> _Work request_:
Set down the whole listing below exactly, without pictures.

Records for this exercise START

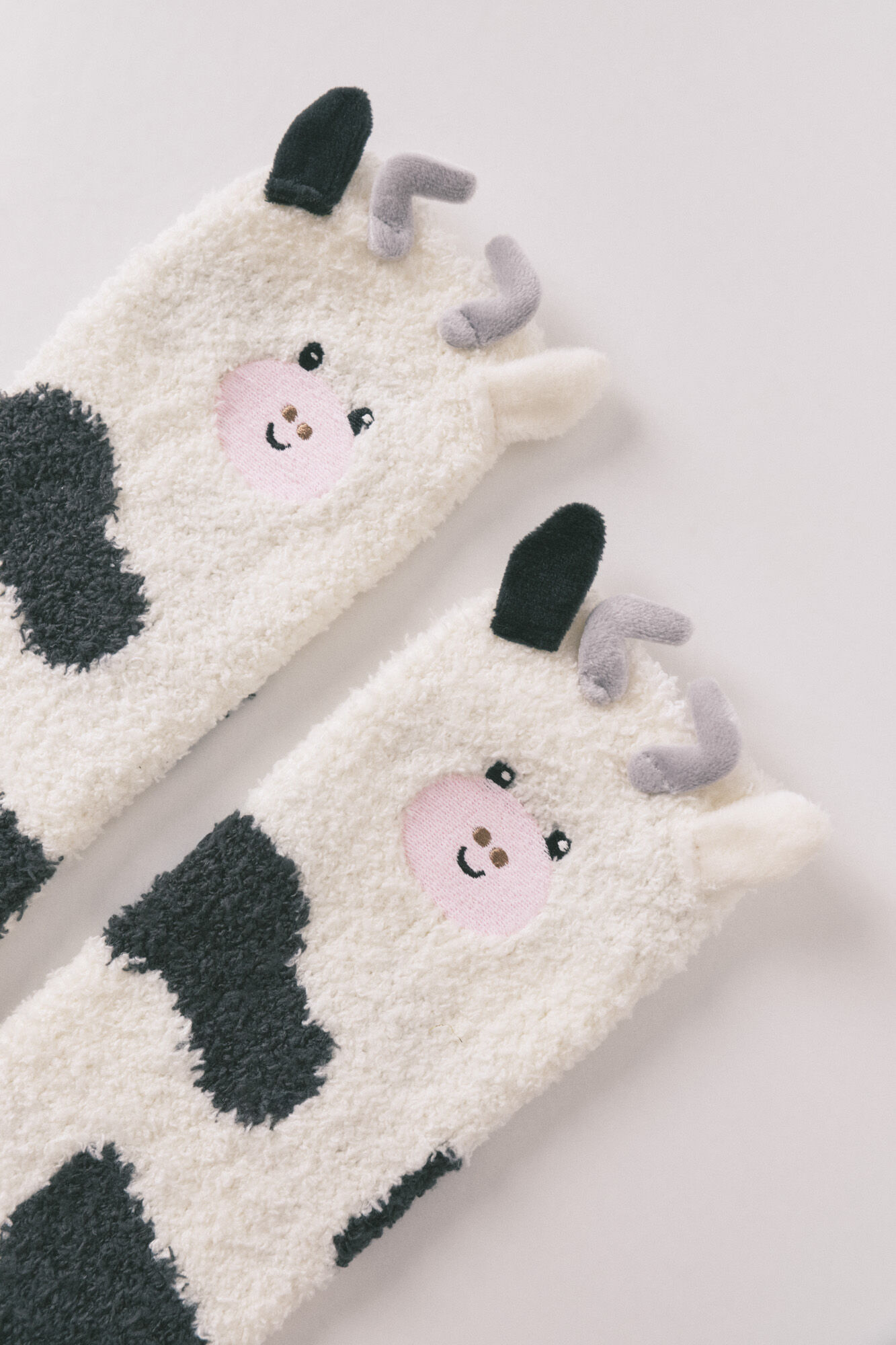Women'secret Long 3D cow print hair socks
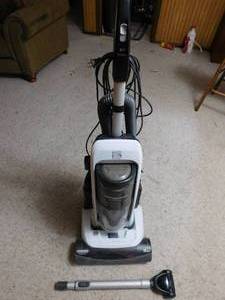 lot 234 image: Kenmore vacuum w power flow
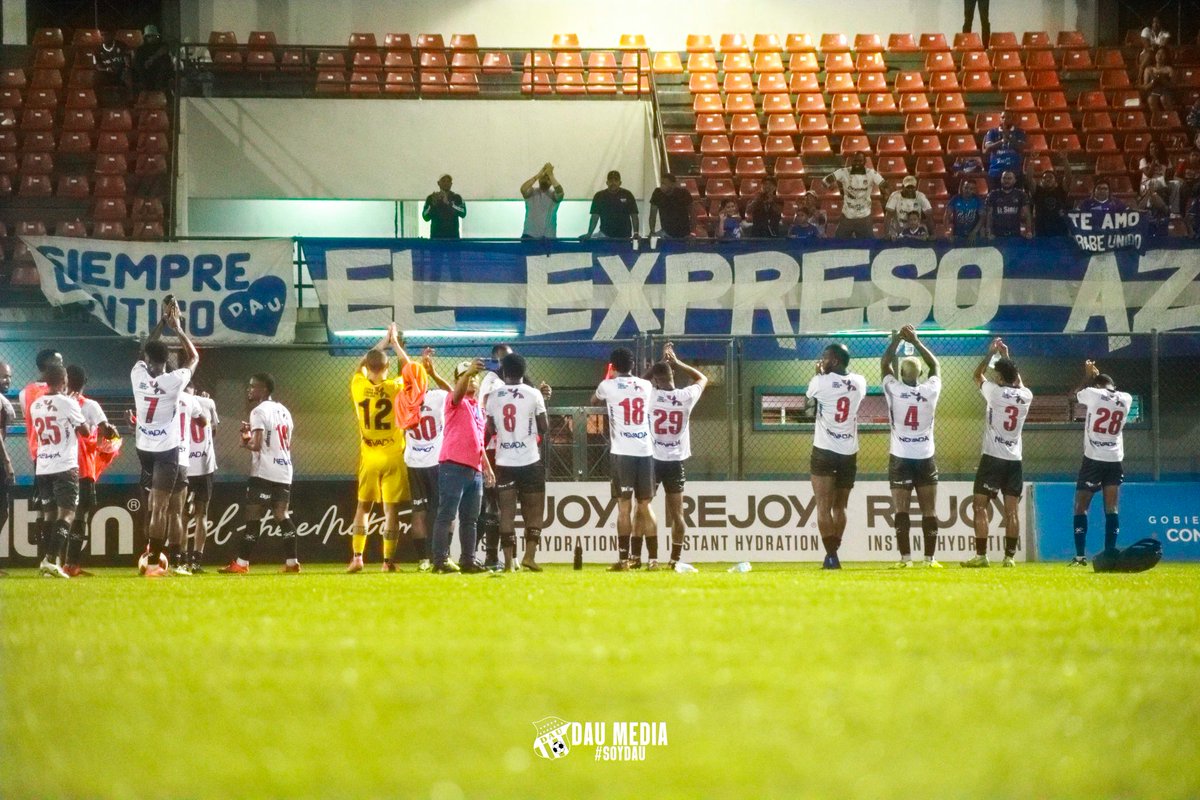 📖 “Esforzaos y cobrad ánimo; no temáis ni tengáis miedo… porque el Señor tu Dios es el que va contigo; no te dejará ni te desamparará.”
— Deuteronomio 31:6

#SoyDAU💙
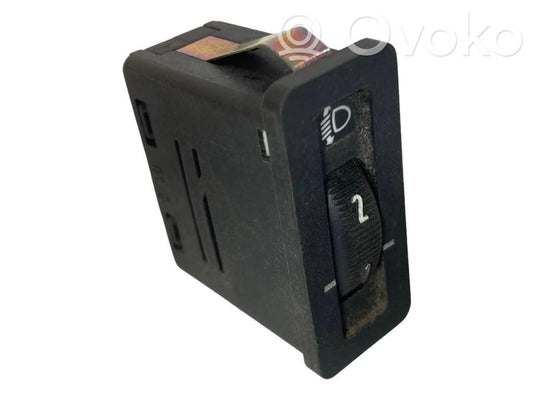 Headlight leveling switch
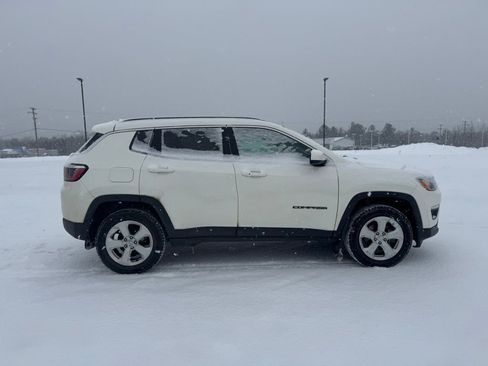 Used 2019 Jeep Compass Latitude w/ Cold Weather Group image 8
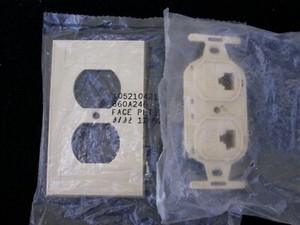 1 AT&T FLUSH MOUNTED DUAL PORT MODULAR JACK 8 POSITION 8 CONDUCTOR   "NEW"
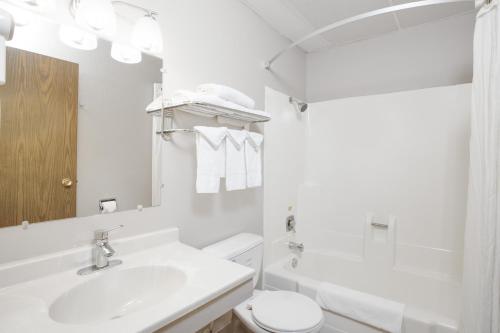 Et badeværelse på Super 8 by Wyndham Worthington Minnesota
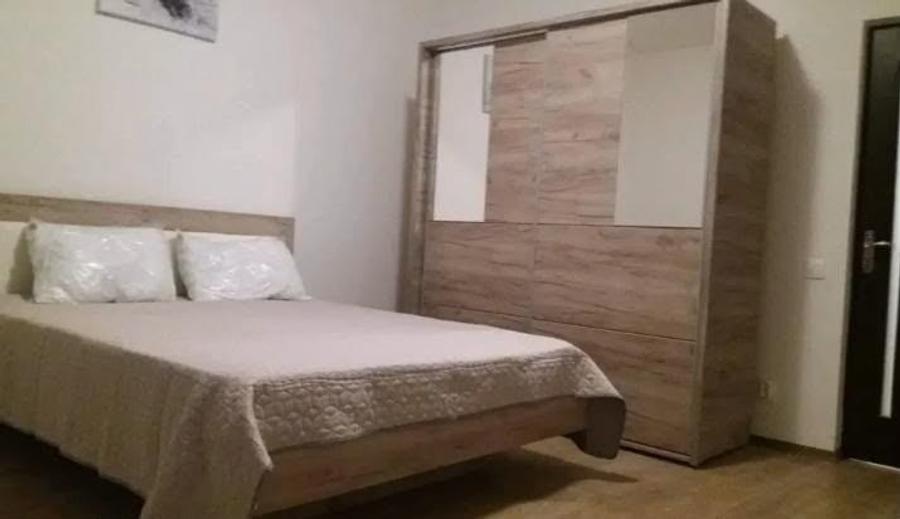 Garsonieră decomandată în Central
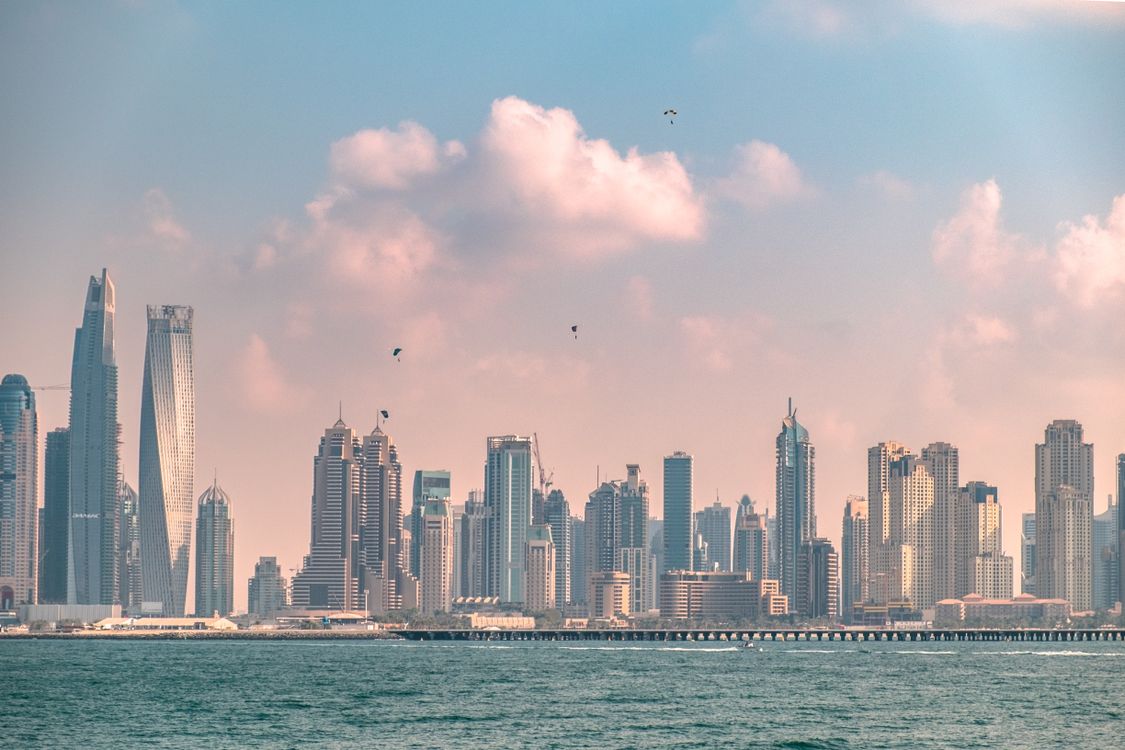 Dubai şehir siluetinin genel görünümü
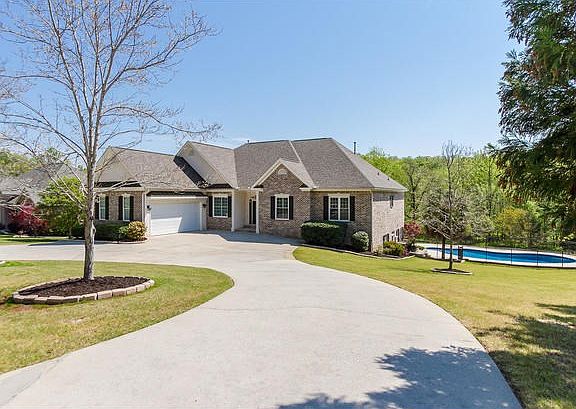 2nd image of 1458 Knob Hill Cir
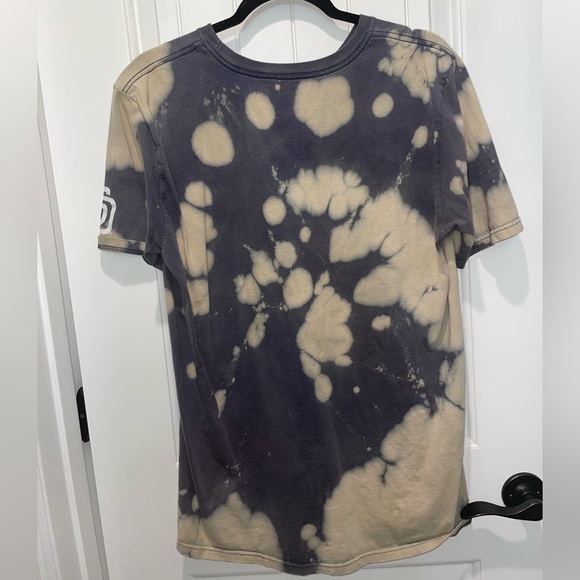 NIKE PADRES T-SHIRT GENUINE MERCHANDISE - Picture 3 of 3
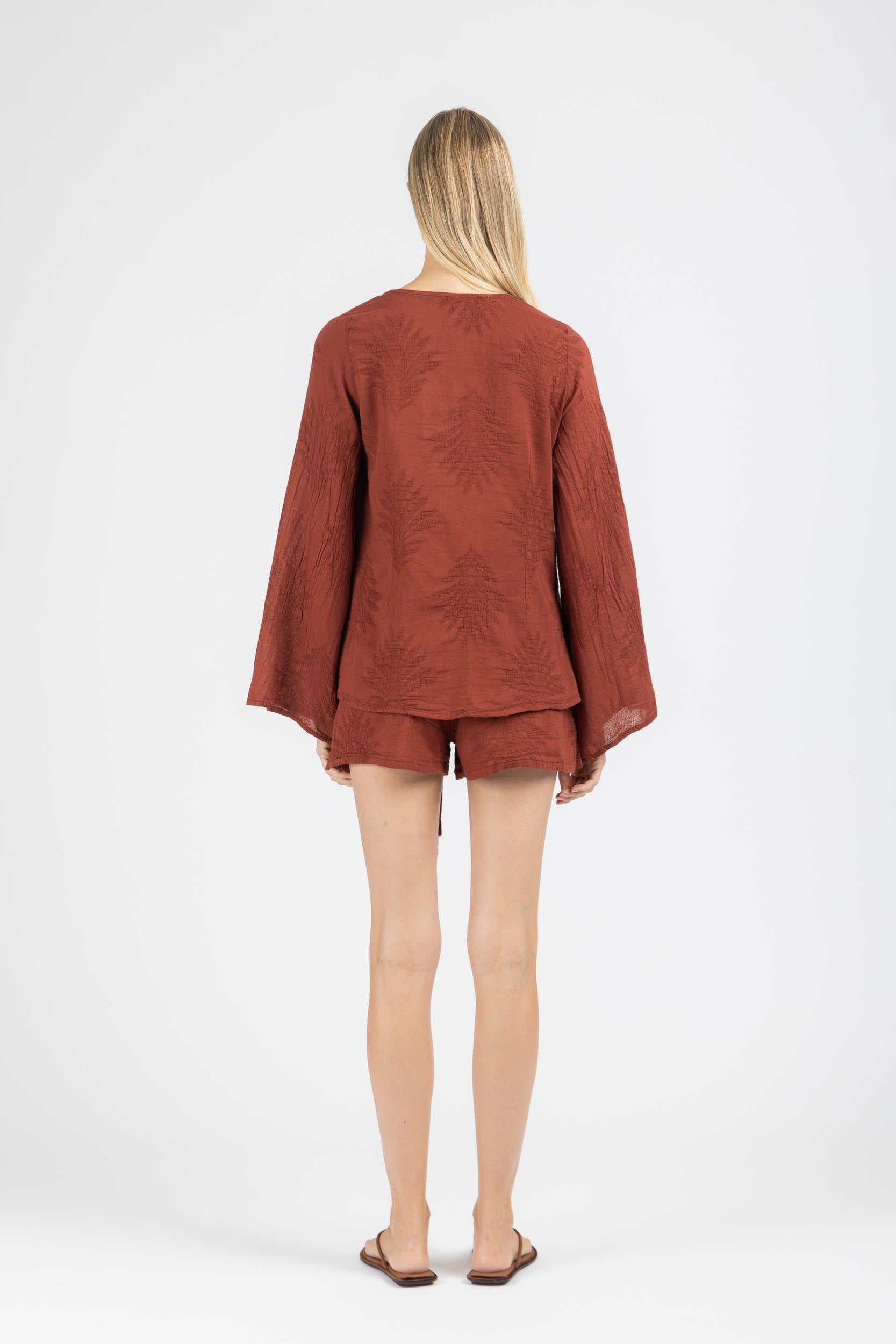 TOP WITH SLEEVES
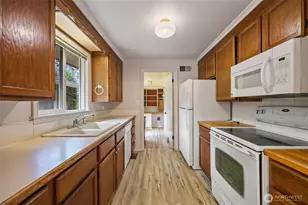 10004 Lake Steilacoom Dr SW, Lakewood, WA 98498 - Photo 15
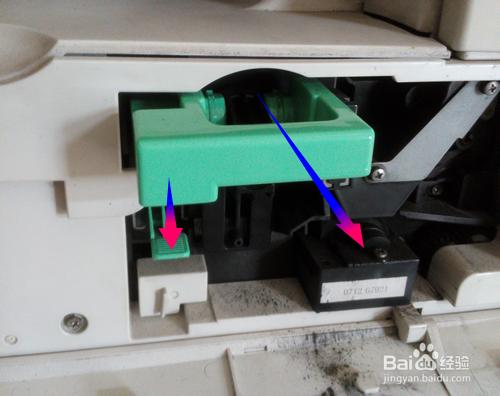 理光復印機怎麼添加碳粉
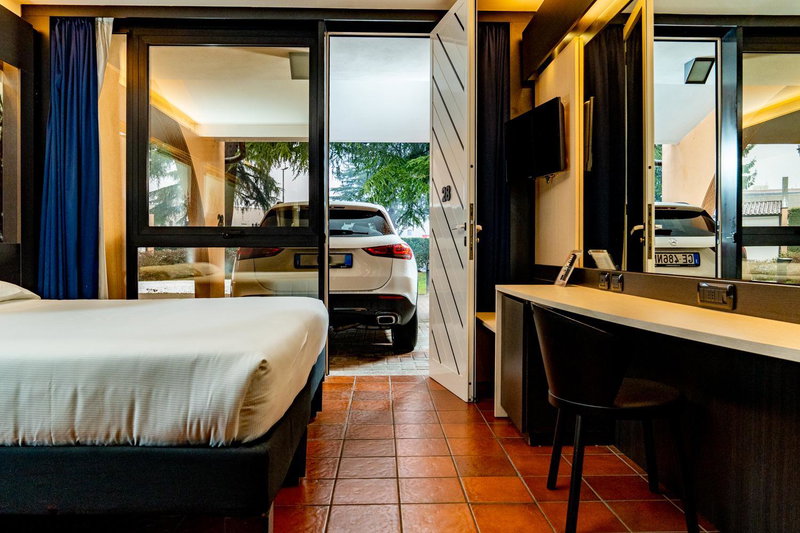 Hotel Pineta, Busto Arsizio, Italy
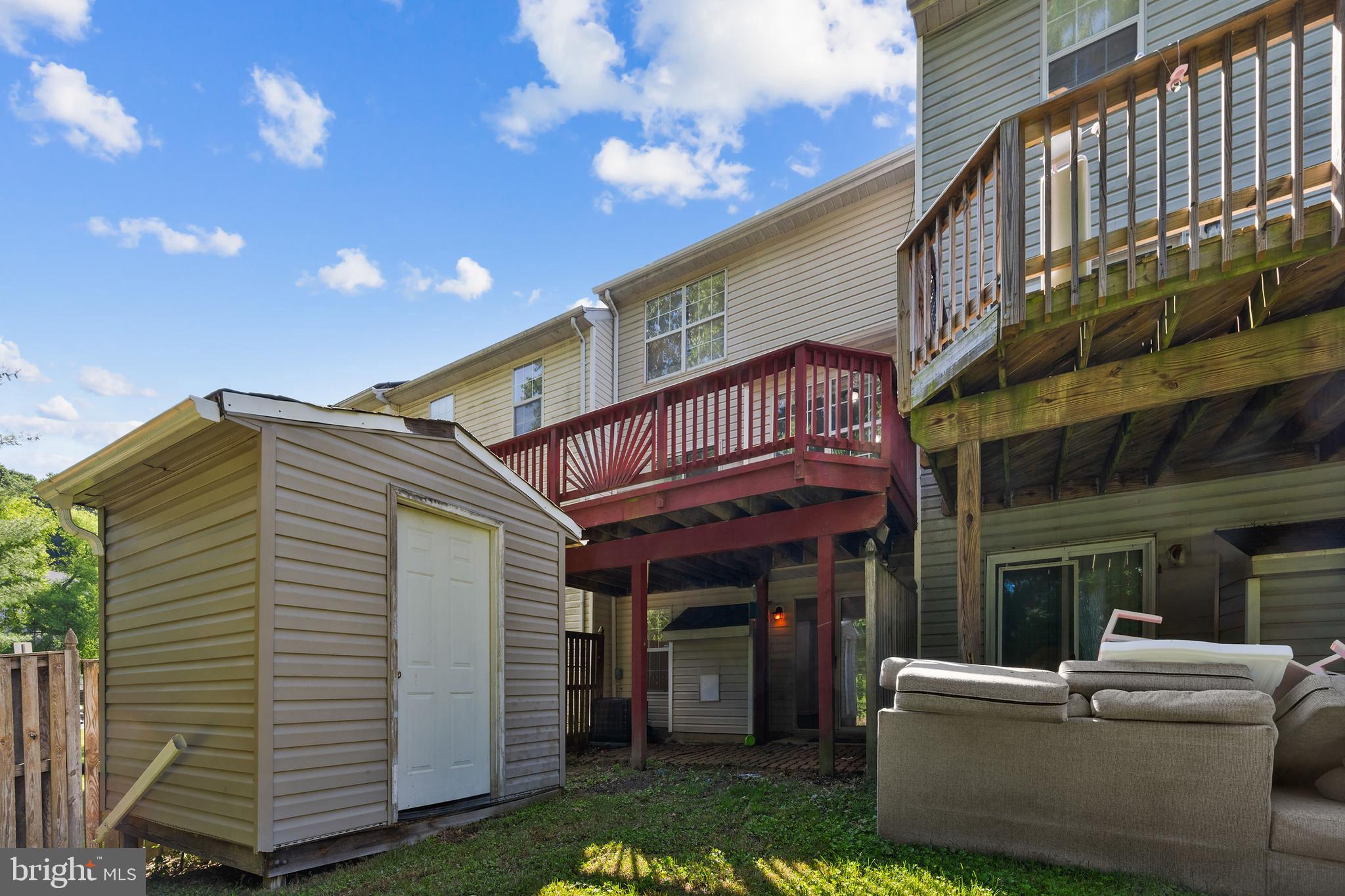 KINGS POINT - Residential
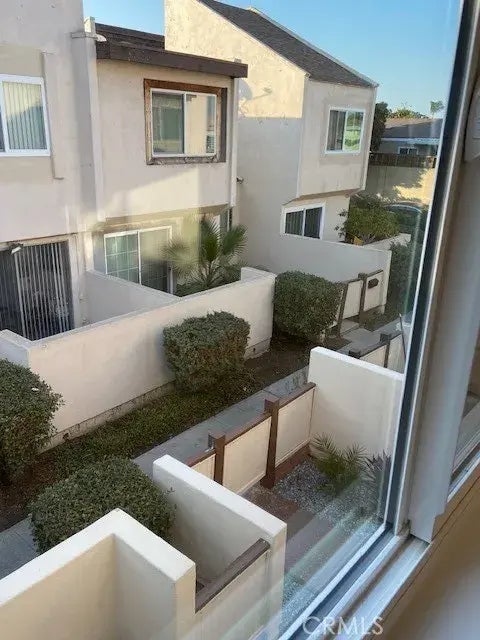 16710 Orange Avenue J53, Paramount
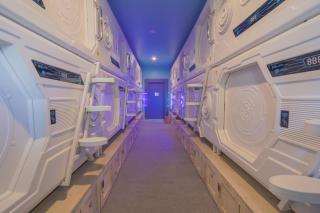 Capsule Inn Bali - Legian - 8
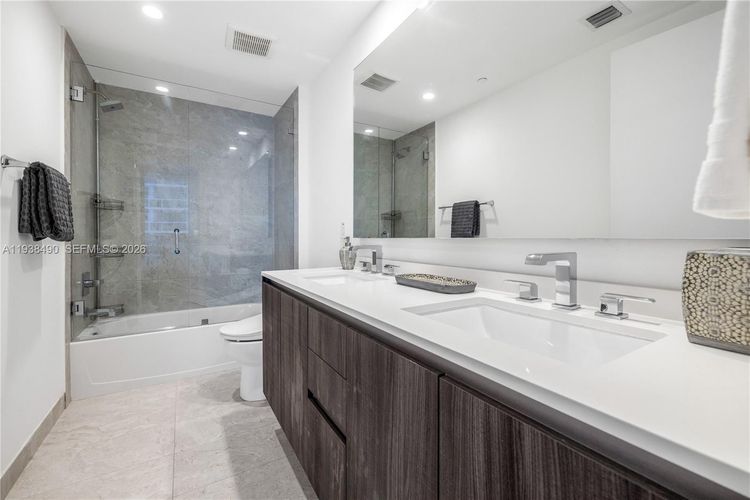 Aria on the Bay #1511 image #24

Records for this exercise END

> _Answer to this task_:
Women'secret Long 3D cow print hair socks
 lot 234 image: Kenmore vacuum w power flow
 📖 “Esforzaos y cobrad ánimo; no temáis ni tengáis miedo… porque el Señor tu Dios es el que va contigo; no te dejará ni te desamparará.”
— Deuteronomio 31:6

#SoyDAU💙
 Headlight leveling switch
 Used 2019 Jeep Compass Latitude w/ Cold Weather Group image 8
 1 AT&T FLUSH MOUNTED DUAL PORT MODULAR JACK 8 POSITION 8 CONDUCTOR   "NEW"
 Et badeværelse på Super 8 by Wyndham Worthington Minnesota
 Garsonieră decomandată în Central
 Dubai şehir siluetinin genel görünümü
 2nd image of 1458 Knob Hill Cir
 NIKE PADRES T-SHIRT GENUINE MERCHANDISE - Picture 3 of 3
 TOP WITH SLEEVES
 10004 Lake Steilacoom Dr SW, Lakewood, WA 98498 - Photo 15
 理光復印機怎麼添加碳粉
 Hotel Pineta, Busto Arsizio, Italy
 KINGS POINT - Residential
 16710 Orange Avenue J53, Paramount
 Capsule Inn Bali - Legian - 8
 Aria on the Bay #1511 image #24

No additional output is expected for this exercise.